Comme l’indique l’auteur de l’article précité, le 14 octobre dernier, alors qu’un nouveau mandat était lancé contre Miles Bridges, les Hornets ont fait un choix. Et pas le bon.
« Les Hornets restent silencieux. Ils ne se soucient pas du fait qu’une majorité de fans souhaite le départ de Bridges, même si cela nuit à l’équipe. Ils ne se soucient pas du fait que le garder et faire comme si rien ne s’était passé aliène les femmes, et donne un exemple détestable de la mentalité “gagner plus que tout”. Ils se moquent de savoir s’ils ont vraiment besoin de Bridges maintenant, avec l’émergence de P.J. Washington, Mark Williams, et l’espoir que Brandon Miller puisse être l’avenir à l’aile. Ce qui compte pour eux, c’est le moment présent, au diable ce que ressentent les autres. »
La colère est parfois saine.
Et pourtant, j’ose croire qu’ils ne sont pas si stupides.
J’ose croire qu’ils n’imaginent pas un seul instant qu’au coup d’envoi de la saison NBA 2023-24, Miles Bridges puisse être reçu avec joie et fierté par le public, quel qu’il soit. J’ose croire, d’ailleurs, que les fans NBA ne sont pas dupes de ce que l’on essaye de leur cacher.
Mais j’ai des doutes. Des doutes sur le fait que même les Hornets ne pensent pas à leurs fans.
Les joueurs, têtes baissées
Que dire des comparses de Miles Bridges, têtes baissées et visiblement tous devenus muets depuis quelques jours sur la situation ?

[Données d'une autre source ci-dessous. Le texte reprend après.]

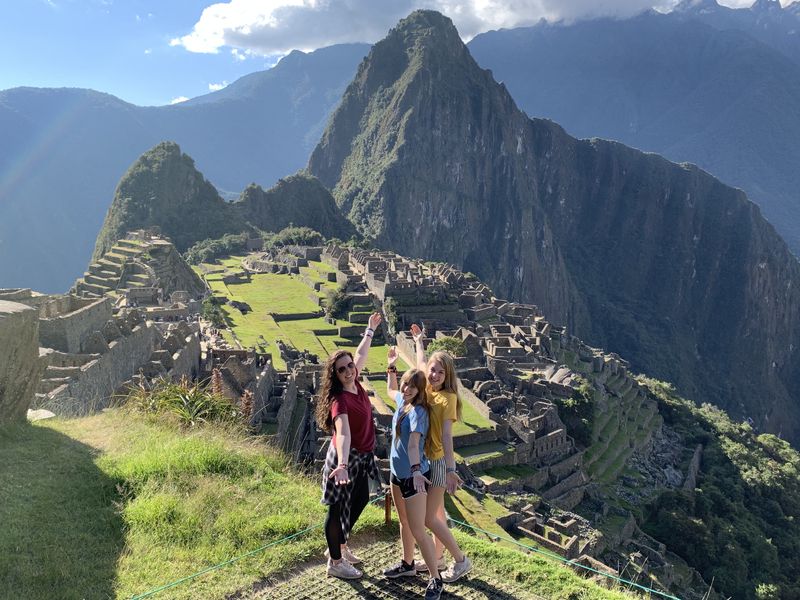 A group of people standing in front of Machu Picchu, with mountains in the background.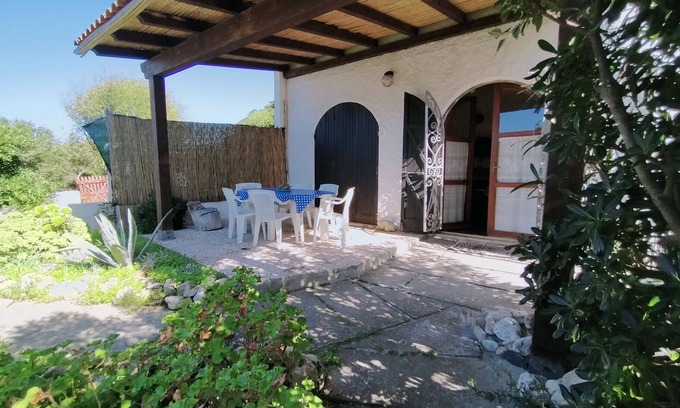 Sa Rocca Tunda Apartment | Quiet Ground Floor Apartment 20 meters from the Sea with Private Garden & BBQ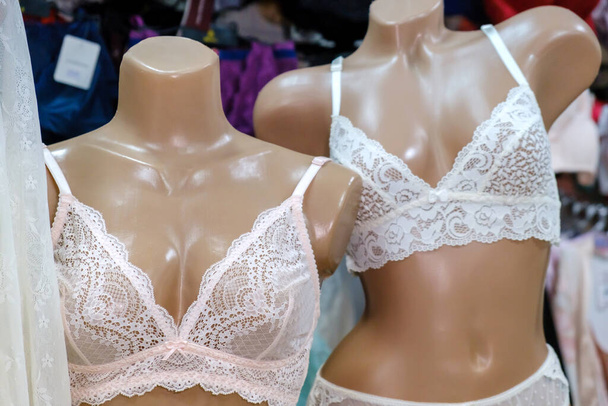 Два манекена, одетые в красивые белые кружева женское нижнее белье в магазине нижнего белья витрина
. - Фото, изображение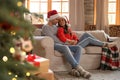 Happy young couple wearing Santa hats on sofa in room decorated for Christmas Royalty Free Stock Photo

Qu’il s’agisse des joueurs de Charlotte ou d’autres franchises, des gros noms de la NBA ou pas, rien, aucun mot n’a été dit ou écrit sur la situation.
A l’heure où les joueurs lancent leur propre podcast en un rien de temps et où tous les sujets sont discutés sous tous les angles possibles et imaginables, rien, pas un mot, une phrase, un sujet sur la situation de Miles Bridges.
Comme s’il ne fallait pas trop en dire, voire ne rien dire du tout. Comme si, surtout, il ne fallait pas se lancer à la poursuite d’un des siens, en dépit de ses actions répréhensibles.
Alors, quelle est l’excuse cette fois ? Ce n’est pas leur rôle ? Ils ne sont pas compétents ? Ils ne sont pas juges ?
Pourtant, certains sont les premiers à revendiquer le droit d’avoir un avis, sur eux, sur leur équipe mais surtout sur les autres. A une époque où on adore véhiculer l’idée d’une NBA qui appartiendrait désormais davantage aux joueurs qu’aux propriétaires, quelle inspiration géniale se serait pourtant, d’oser briser ce qui ressemble à une totale omerta, et à un entre-soi gerbant!
D’oser dire que oui, Miles Bridges ne doit plus jamais pouvoir remettre un pied sur un terrain NBA, mais force est de constater que, dans cette histoire, à tous les niveaux, il est difficile de prendre ses responsabilités.
En attendant, l’image donnée est déplorable.
Miles Bridges peut s’entrainer tranquillement toute la semaine sous la tunique des Hornets, il peut changer sa photo de profil Twitter pour une photo de Johnny Depp (durant son récent procès) sans qu’on ne lui fasse remarquer, et peut faire un doigt d’honneur taille XXL à ceux qui le voudraient hors de la ligue, protégé bien au chaud par ses compères, sa franchise, les médias et sa ligue.